March 15, 2010

Book Review: Eroticism, Spirituality, and Resistance in Black Women’s Writings

Black women’s bodies have been the site of pornographic scrutiny for almost half a millennium. One of the most notorious examples of this scrutiny was Sara Baartman, better known in Western circles as the “Venus Hottentot,” who was “exhibited around Britain, being forced to entertain people by gyrating her nude buttocks and showing to Europeans what were thought of as highly unusual bodily features” (Wikipedia: Saartjie Bartman). As a result of this objectification, Donna Aza Weir Soley argues in Eroticism, Spirituality, and Resistance in Black Women’s Writings, female black writers in the Americas who have grown up in ostensibly Christian cultures have always faced the “issue of how to represent black female characters as both sexual and spiritual beings while working within the constraints of a discursive tradition that historically maligned black women as sexual deviants” (2). In some cases, the implications for black women has been an uneasy relationship with their bodies. This unease has been reflected in the work of Zora Neale Hurston, Toni Morrison, Opal Palmer Adisa, and Edwidge Danticat. Eroticism, Spirituality, and Resistance in Black Women’s Writings traces the historical, religious, and philosophical underpinnings of the dilemma facing black female writers and their use of West African religions as an alternative model for liberation from the “objectifying gaze” and the reclamation of Black female subjectivity.

Weir-Soley begins her investigation of black female subjectivity by describing the Western worldview with its patriarchal control of female sexual behavior and the Judaeo-Christian separation of sexuality and spirituality. As a contrast to this paradigm, Weir-Soley offers the example of West African-based spiritual traditions in which “sexual expression is an integral part of the spiritual experience” (2). Placing the issue in an historical context, Weir-Soley examines the effects of slavery on the colonizers and their attempts during the nineteenth century to distance themselves from the Africans by their creation of the so-called “cult of true womanhood” in which “a woman had to pious, (sexually) pure, submissive, and domestic” (15). This development, Weir Soley points out, intensified during the nascent antislavery movement, a period in which “the sexuality of black men and women was already a metonym for sexual deviance” (21).

Ironically, the anti-slavery movement which grew out of fundamentalist Christianity placed many black writers and intellectuals in an untenable situation. On the one hand, as Weir-Soley explains,” Christianity provided black women with an alternative language through which to articulate their claims to good moral character” (121). On the other hand, “Black women who were raised to be “good” Christian girls (like Harriet Jacobs) were especially vulnerable to feelings of shame about their sexuality” (121). Many of the leaders within the early civil rights movements had to suppress or deny any trace of sexuality. In other words, the only “good” Negro was a celibate Negro.

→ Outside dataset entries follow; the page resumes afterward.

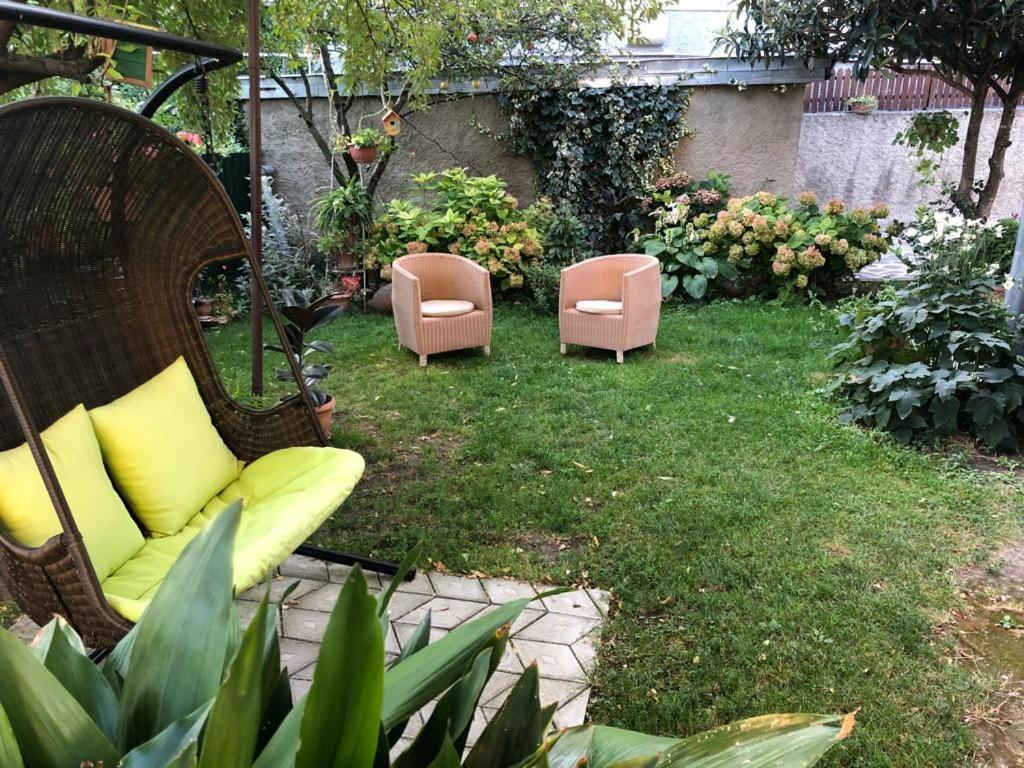 Tinikos Guest House Telavi Kültér fotó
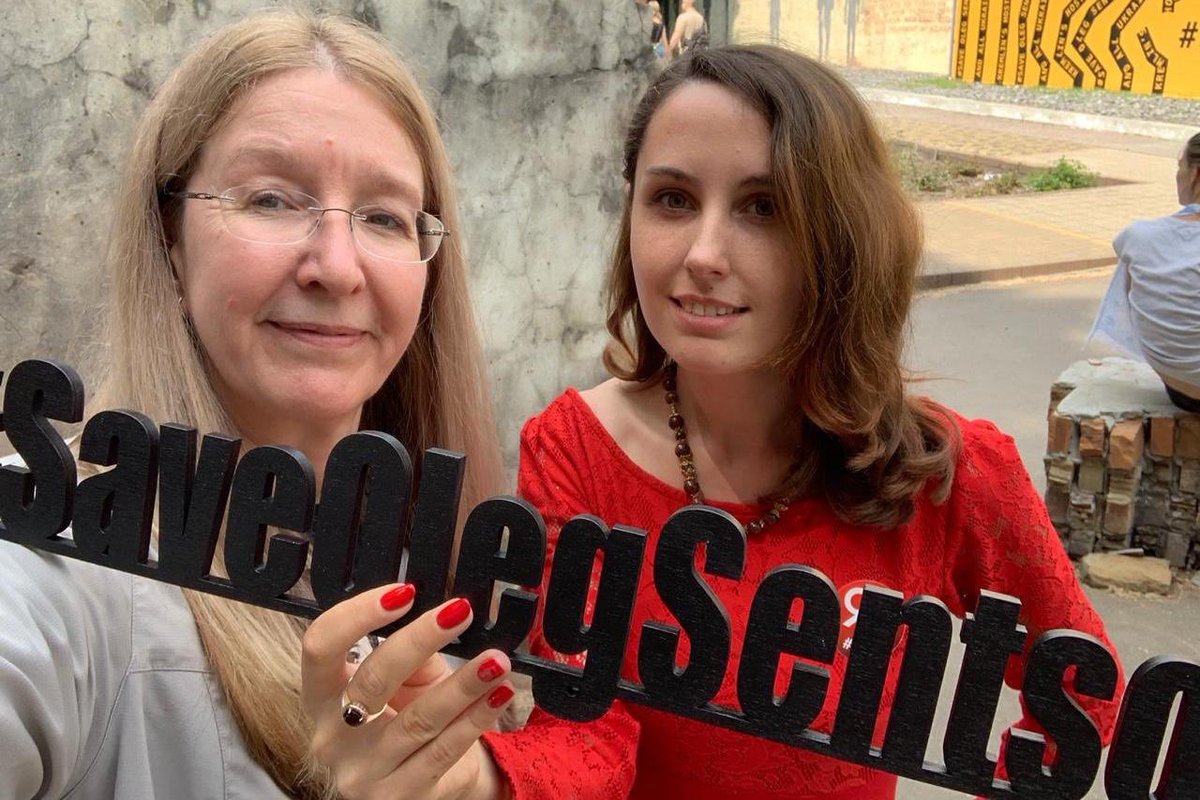 usuprun's tweet image. Також взяла участь у кампанії на підтримку українських політв’язнів та військовополонених #SaveOlegSentsov. Чудова ініціатива від @SaveSentsov — організувати це, а також читання листів українців з полону на #КнижковийАрсенал.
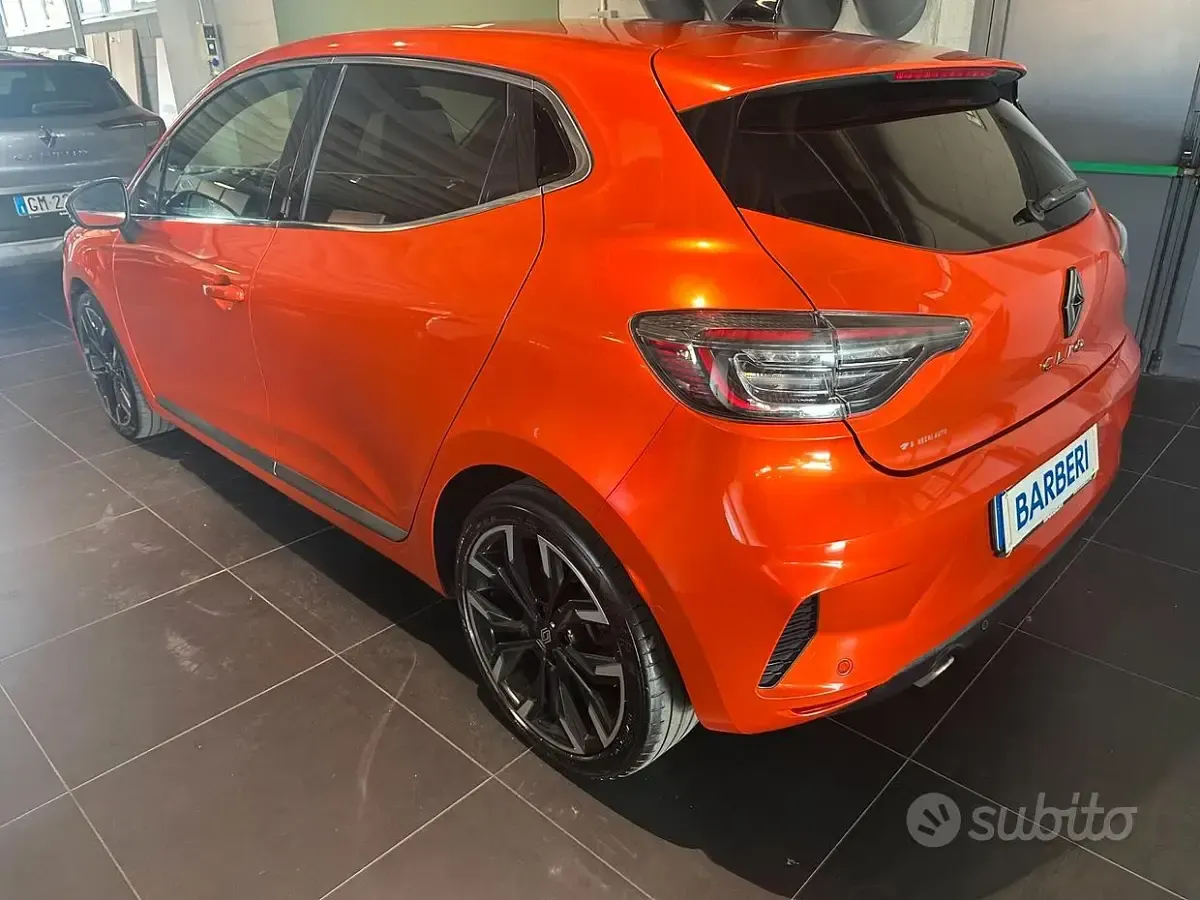 Usata Renault Clio V Techno 101 CV (74 kW) 2024 Arancione Berlina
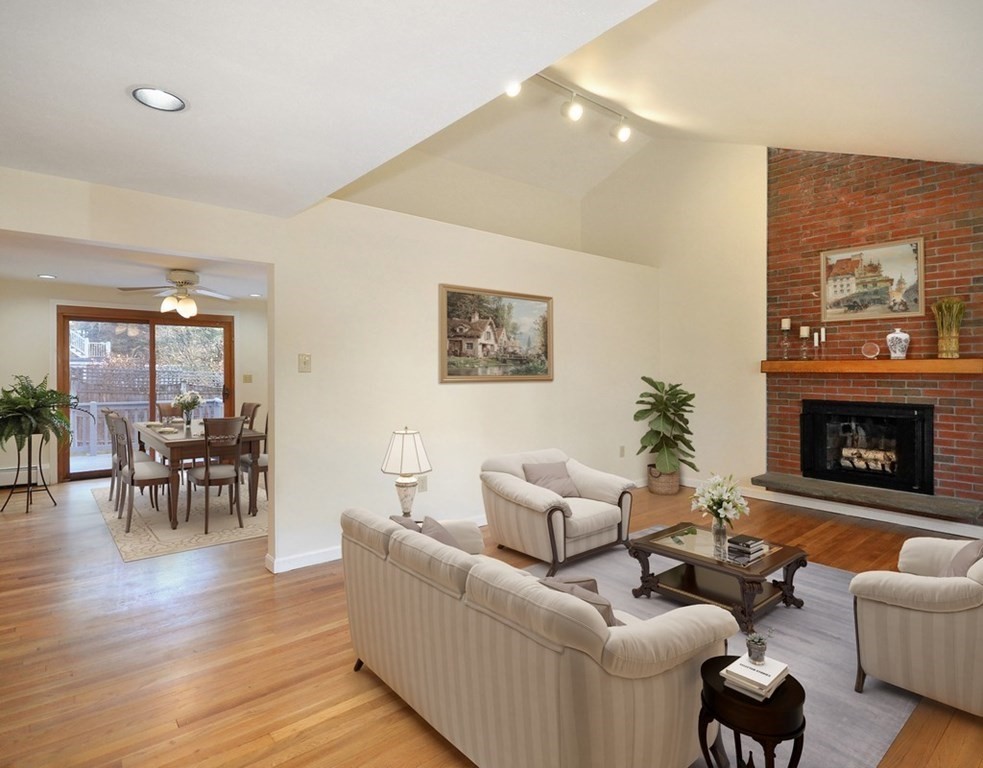 6 Ford Road Sudbury, MA 01776 - Photo 9 of 31 Gallery Image 9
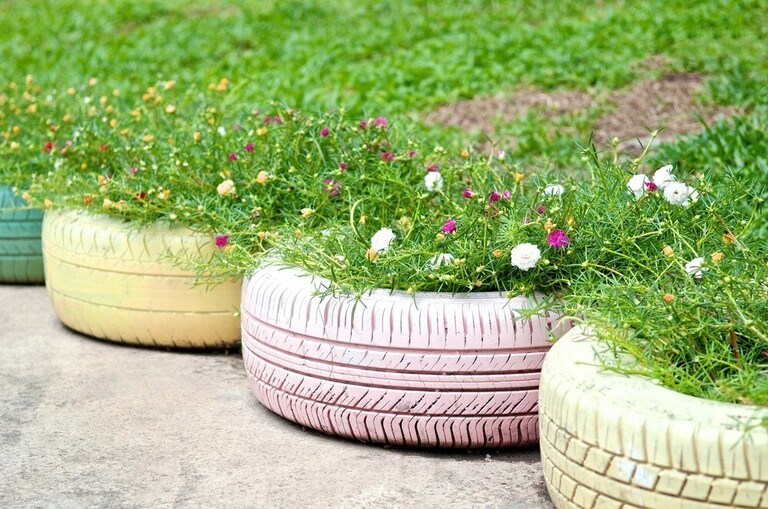 Ways To Decorate Your Garden With Recycled Materials Ways To Decorate Your Garden With Recycled Materials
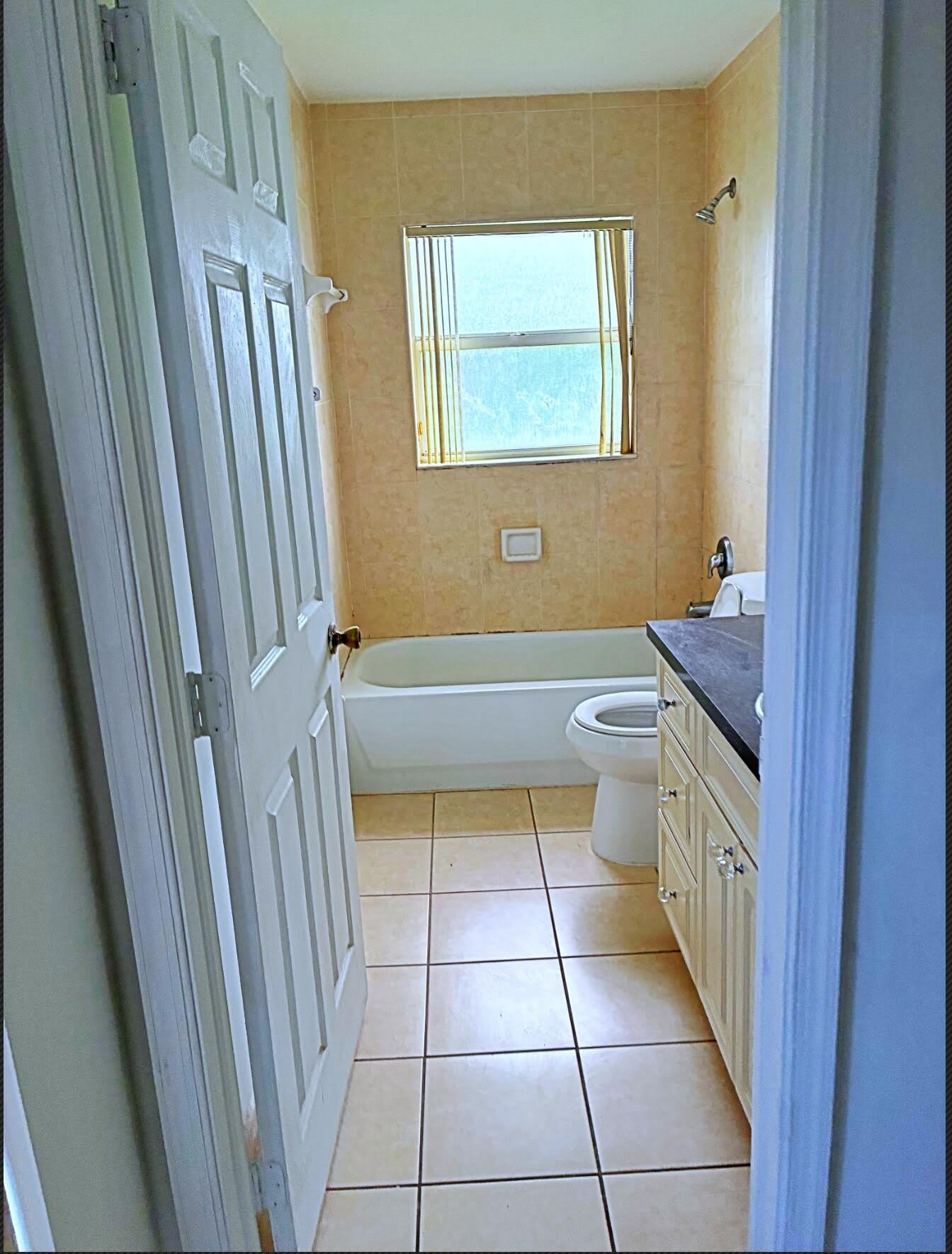 647 Latona Avenue – photo 5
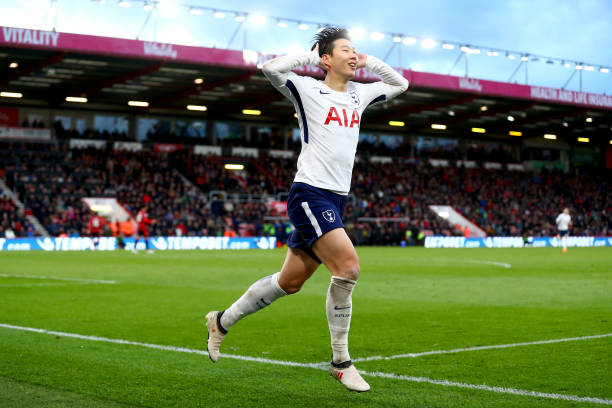 世纪同框！梅西C罗视频颁奖典礼引爆全球球迷热议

It was within this context that writers such as Zora Neale Hurston began the liberation of black bodies and to “reestablish the interdependence between spirituality and sexuality that is so central to the formation of black women’s identities…by relying on the inscription of a symbolic, discursive, literal and theoretical framework based on the spiritual precepts and epistemology of West African belief systems” (3). Beginning with her work as an anthropologist in Haiti, Hurston found the material she needed in the rich panoply of the lwa of Voudoun, especially Erzulie, and with that knowledge wrote her groundbreaking novel, Their Eyes Were Watching God.

Other writers building on Hurston’s legacy, most notably, Toni Morrison would use Hurston’s insights as a means of understanding the contradictions of slavery and black female subjectivity. In Beloved, Morrison confronts the issue of black female subjectivity by creating a scene which a mother, Sethe, must choose between either killing her child or watching her grow up in slavery. Faced with such limited options, Sethe kills the child. It is a choice that haunts Sethe and her lover, Paul D, until the ghost of the child, Beloved, is exorcised. The exorcism and subsequent healing is precipitated by Paul D’s seduction in by Beloved, whom Weir-Soley links to Erzulie through the ‘red heart” symbolism which runs throughout the novel: “The recurring image of a rusted tobacco-tin that resides in the place where Paul D’s “red heart” should be is prevalent in Beloved” (120). Weir Soley continues, “That the relationship between spirituality and sexuality is crucial to the restoration of a black female subjectivity hinges upon the concept of Erzulie as a restorative, regenerative model for black sexuality in Beloved” (121).

Drawing on the scholarship of Audre Lorde and Joan Dayan, Weir-Soley develops the "restorative" figure of Erzulie and analyzes the fictions of Opal Palmer Adisa and Edwidge Danticat. From the evidence Weir-Soley presents one could infer that the pathway to the reclamation of black female subjectivity as an antidote to the “cult of true womanhood” lies in the recognition on the interrelatedness of sexuality and spirituality in the figure of Erzulie, “the symbol of womanhood and the personification of female beauty” (209).

Eroticism, Spirituality, and Resistance in Black Women’s Writings, while relying heavily on the lit-speak of the academy, is an important work because it expands our knowledge of the syncretism in the fictions of Hurston, Morrison, Adisa, and Danticat, and recognizes the vitality of the West African worldview as a means of resisting Western paradigms which are inimical to black female subjectivity. Weir-Soley’s scrupulous deconstruction of the assumptions that surround black female sexuality has many implications not only in literature, but also in how we look at each other and ourselves in the mirror.